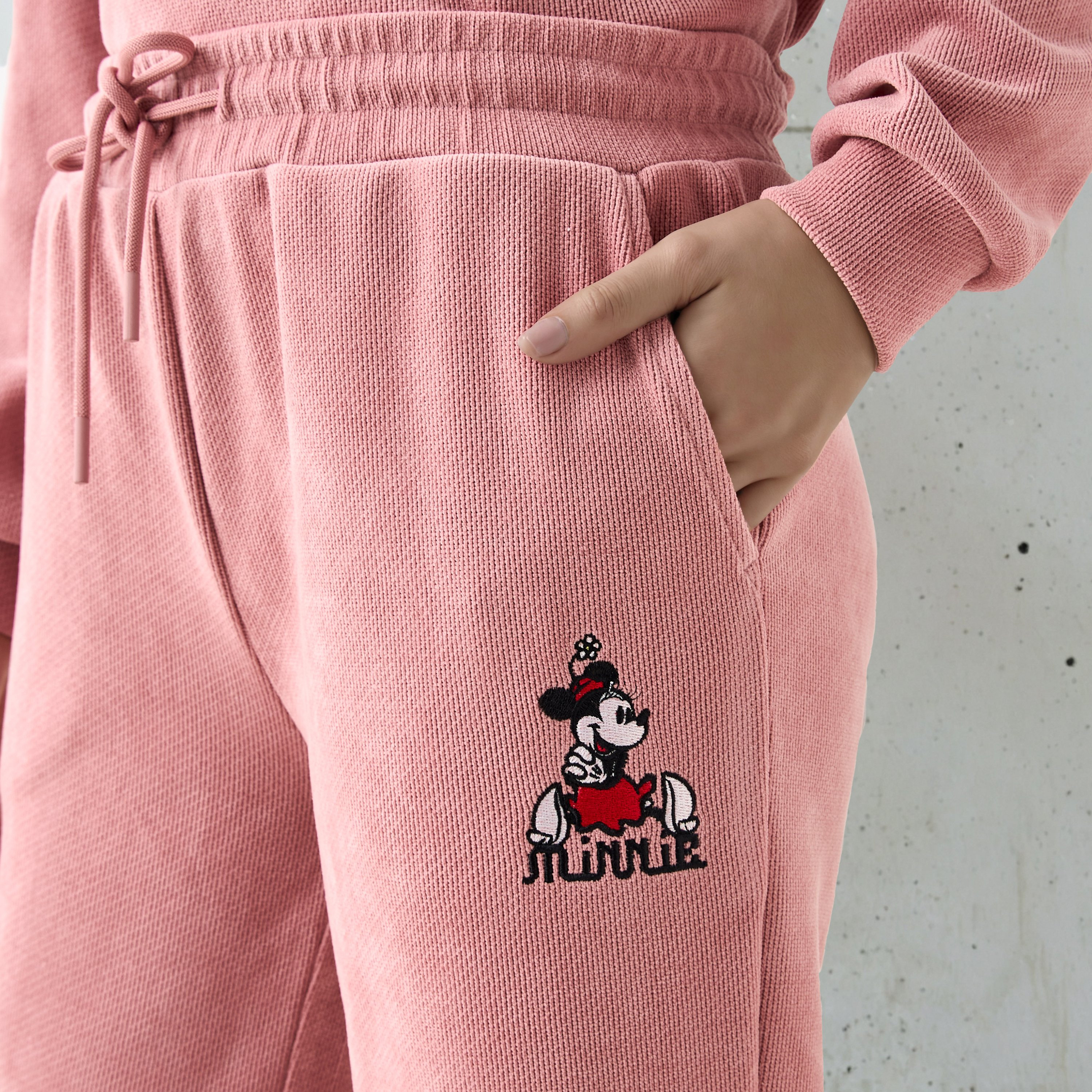 Minnie Mouse Straight Fit Mid-Rise Pants-women-clothing-bottoms-joggers-image-3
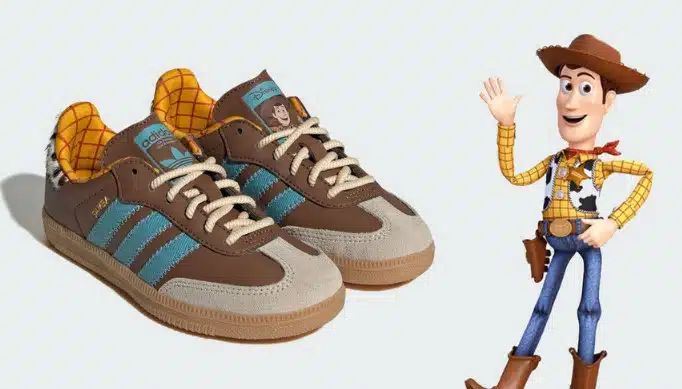 Adidas Samba y Toy Story se unen para lanzar un nuevo modelo de tenis inspirado en Woody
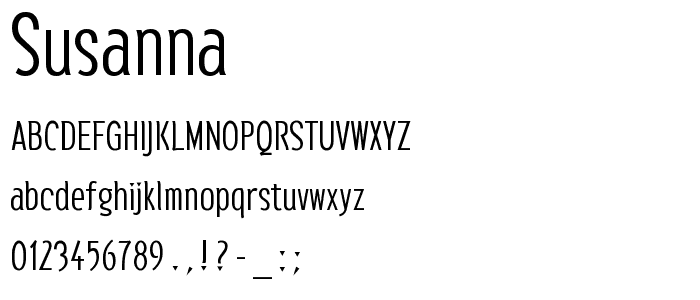 Susanna font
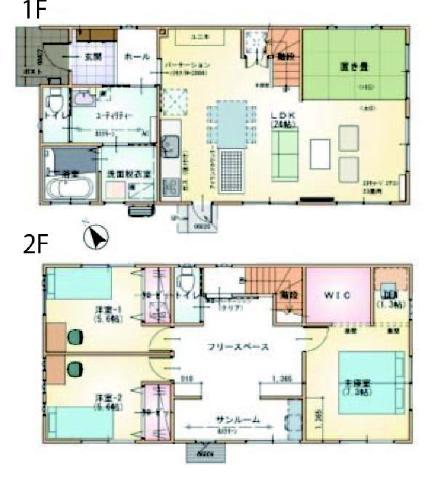 Floor plan. 21,800,000 yen, 3LDK, Land area 201.66 sq m , Building area 122.56 sq m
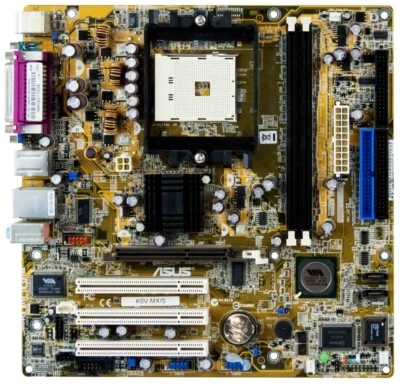 Scheda Madre ASUS K8V-MX/S Presa 754 DDR AGP PCI - Immagine 1 di 2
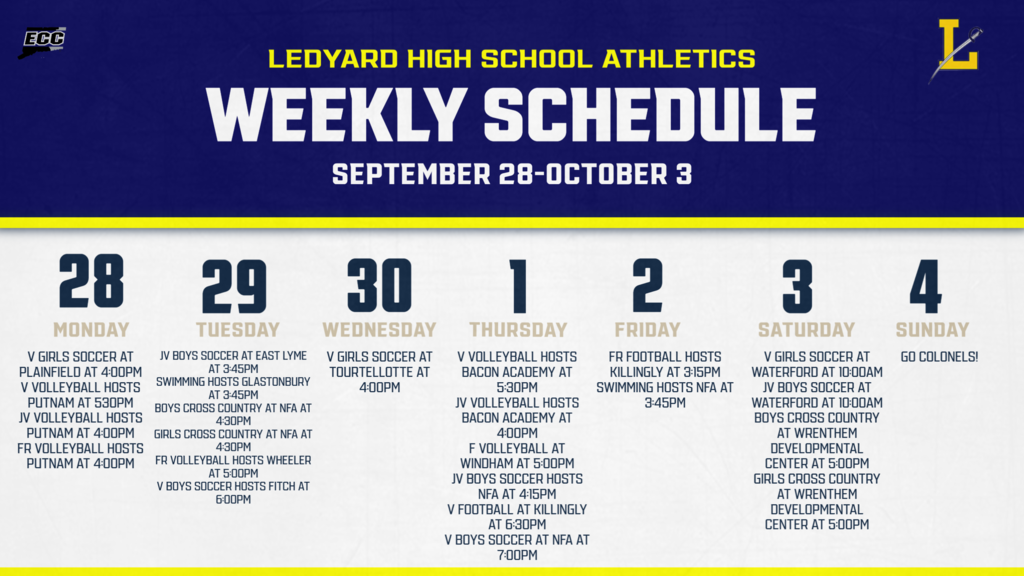 LHS Athletics-Week of Sept 28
——————————
WORK ORDER >>
The entries are to be restated word for word, with pictures omitted.

RESULT OF THE EXERCISE >>
 Minnie Mouse Straight Fit Mid-Rise Pants-women-clothing-bottoms-joggers-image-3
 Adidas Samba y Toy Story se unen para lanzar un nuevo modelo de tenis inspirado en Woody
 Susanna font
 Floor plan. 21,800,000 yen, 3LDK, Land area 201.66 sq m , Building area 122.56 sq m
 Scheda Madre ASUS K8V-MX/S Presa 754 DDR AGP PCI - Immagine 1 di 2
 LHS Athletics-Week of Sept 28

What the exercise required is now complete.